Each entry must appear again exactly as it does in the source.

- _INPUT RECORDS_
►
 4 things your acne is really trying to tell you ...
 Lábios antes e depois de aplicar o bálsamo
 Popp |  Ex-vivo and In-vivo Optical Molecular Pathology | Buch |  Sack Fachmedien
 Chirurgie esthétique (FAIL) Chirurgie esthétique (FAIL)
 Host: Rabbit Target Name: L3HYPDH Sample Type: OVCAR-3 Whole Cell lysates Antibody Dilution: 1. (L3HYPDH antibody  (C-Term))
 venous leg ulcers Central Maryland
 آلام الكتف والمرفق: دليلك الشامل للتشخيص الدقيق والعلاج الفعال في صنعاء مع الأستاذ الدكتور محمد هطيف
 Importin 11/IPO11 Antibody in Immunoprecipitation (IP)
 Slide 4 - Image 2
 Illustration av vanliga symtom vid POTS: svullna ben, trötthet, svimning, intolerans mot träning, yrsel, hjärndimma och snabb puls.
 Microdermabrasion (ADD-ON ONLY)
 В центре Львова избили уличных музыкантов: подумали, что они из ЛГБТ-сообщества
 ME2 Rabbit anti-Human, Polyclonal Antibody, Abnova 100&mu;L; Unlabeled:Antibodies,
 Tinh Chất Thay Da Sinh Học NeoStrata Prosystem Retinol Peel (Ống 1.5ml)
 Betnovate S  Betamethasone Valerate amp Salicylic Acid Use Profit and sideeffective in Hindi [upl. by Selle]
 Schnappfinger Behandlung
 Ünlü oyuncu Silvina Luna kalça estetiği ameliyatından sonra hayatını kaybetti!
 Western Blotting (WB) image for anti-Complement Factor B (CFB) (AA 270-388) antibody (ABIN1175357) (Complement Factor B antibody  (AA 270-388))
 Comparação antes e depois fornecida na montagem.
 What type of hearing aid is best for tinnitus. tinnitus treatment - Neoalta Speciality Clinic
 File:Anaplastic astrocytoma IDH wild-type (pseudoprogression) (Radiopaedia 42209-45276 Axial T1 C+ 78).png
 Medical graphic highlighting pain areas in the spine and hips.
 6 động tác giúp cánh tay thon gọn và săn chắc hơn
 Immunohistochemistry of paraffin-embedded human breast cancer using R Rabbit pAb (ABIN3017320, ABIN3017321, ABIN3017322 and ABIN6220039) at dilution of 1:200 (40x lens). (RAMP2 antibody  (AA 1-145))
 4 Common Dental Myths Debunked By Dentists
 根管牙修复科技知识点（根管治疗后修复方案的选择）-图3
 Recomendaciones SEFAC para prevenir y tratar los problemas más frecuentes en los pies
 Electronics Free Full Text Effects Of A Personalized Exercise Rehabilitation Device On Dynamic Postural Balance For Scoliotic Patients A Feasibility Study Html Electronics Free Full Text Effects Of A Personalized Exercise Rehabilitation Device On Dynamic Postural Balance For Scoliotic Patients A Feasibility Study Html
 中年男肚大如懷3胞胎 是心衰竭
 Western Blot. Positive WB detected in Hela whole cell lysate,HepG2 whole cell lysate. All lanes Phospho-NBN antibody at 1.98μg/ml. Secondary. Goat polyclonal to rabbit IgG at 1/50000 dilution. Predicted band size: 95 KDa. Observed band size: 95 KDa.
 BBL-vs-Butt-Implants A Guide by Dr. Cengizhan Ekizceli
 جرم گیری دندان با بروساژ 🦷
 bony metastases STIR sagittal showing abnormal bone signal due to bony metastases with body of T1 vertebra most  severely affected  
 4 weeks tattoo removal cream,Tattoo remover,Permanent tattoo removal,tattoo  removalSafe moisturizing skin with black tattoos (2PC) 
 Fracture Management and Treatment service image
◄
- _OUTPUT OF THE EXERCISE_
 4 things your acne is really trying to tell you ...
 Lábios antes e depois de aplicar o bálsamo
 Popp |  Ex-vivo and In-vivo Optical Molecular Pathology | Buch |  Sack Fachmedien
 Chirurgie esthétique (FAIL) Chirurgie esthétique (FAIL)
 Host: Rabbit Target Name: L3HYPDH Sample Type: OVCAR-3 Whole Cell lysates Antibody Dilution: 1. (L3HYPDH antibody  (C-Term))
 venous leg ulcers Central Maryland
 آلام الكتف والمرفق: دليلك الشامل للتشخيص الدقيق والعلاج الفعال في صنعاء مع الأستاذ الدكتور محمد هطيف
 Importin 11/IPO11 Antibody in Immunoprecipitation (IP)
 Slide 4 - Image 2
 Illustration av vanliga symtom vid POTS: svullna ben, trötthet, svimning, intolerans mot träning, yrsel, hjärndimma och snabb puls.
 Microdermabrasion (ADD-ON ONLY)
 В центре Львова избили уличных музыкантов: подумали, что они из ЛГБТ-сообщества
 ME2 Rabbit anti-Human, Polyclonal Antibody, Abnova 100&mu;L; Unlabeled:Antibodies,
 Tinh Chất Thay Da Sinh Học NeoStrata Prosystem Retinol Peel (Ống 1.5ml)
 Betnovate S  Betamethasone Valerate amp Salicylic Acid Use Profit and sideeffective in Hindi [upl. by Selle]
 Schnappfinger Behandlung
 Ünlü oyuncu Silvina Luna kalça estetiği ameliyatından sonra hayatını kaybetti!
 Western Blotting (WB) image for anti-Complement Factor B (CFB) (AA 270-388) antibody (ABIN1175357) (Complement Factor B antibody  (AA 270-388))
 Comparação antes e depois fornecida na montagem.
 What type of hearing aid is best for tinnitus. tinnitus treatment - Neoalta Speciality Clinic
 File:Anaplastic astrocytoma IDH wild-type (pseudoprogression) (Radiopaedia 42209-45276 Axial T1 C+ 78).png
 Medical graphic highlighting pain areas in the spine and hips.
 6 động tác giúp cánh tay thon gọn và săn chắc hơn
 Immunohistochemistry of paraffin-embedded human breast cancer using R Rabbit pAb (ABIN3017320, ABIN3017321, ABIN3017322 and ABIN6220039) at dilution of 1:200 (40x lens). (RAMP2 antibody  (AA 1-145))
 4 Common Dental Myths Debunked By Dentists
 根管牙修复科技知识点（根管治疗后修复方案的选择）-图3
 Recomendaciones SEFAC para prevenir y tratar los problemas más frecuentes en los pies
 Electronics Free Full Text Effects Of A Personalized Exercise Rehabilitation Device On Dynamic Postural Balance For Scoliotic Patients A Feasibility Study Html Electronics Free Full Text Effects Of A Personalized Exercise Rehabilitation Device On Dynamic Postural Balance For Scoliotic Patients A Feasibility Study Html
 中年男肚大如懷3胞胎 是心衰竭
 Western Blot. Positive WB detected in Hela whole cell lysate,HepG2 whole cell lysate. All lanes Phospho-NBN antibody at 1.98μg/ml. Secondary. Goat polyclonal to rabbit IgG at 1/50000 dilution. Predicted band size: 95 KDa. Observed band size: 95 KDa.
 BBL-vs-Butt-Implants A Guide by Dr. Cengizhan Ekizceli
 جرم گیری دندان با بروساژ 🦷
 bony metastases STIR sagittal showing abnormal bone signal due to bony metastases with body of T1 vertebra most  severely affected  
 4 weeks tattoo removal cream,Tattoo remover,Permanent tattoo removal,tattoo  removalSafe moisturizing skin with black tattoos (2PC) 
 Fracture Management and Treatment service image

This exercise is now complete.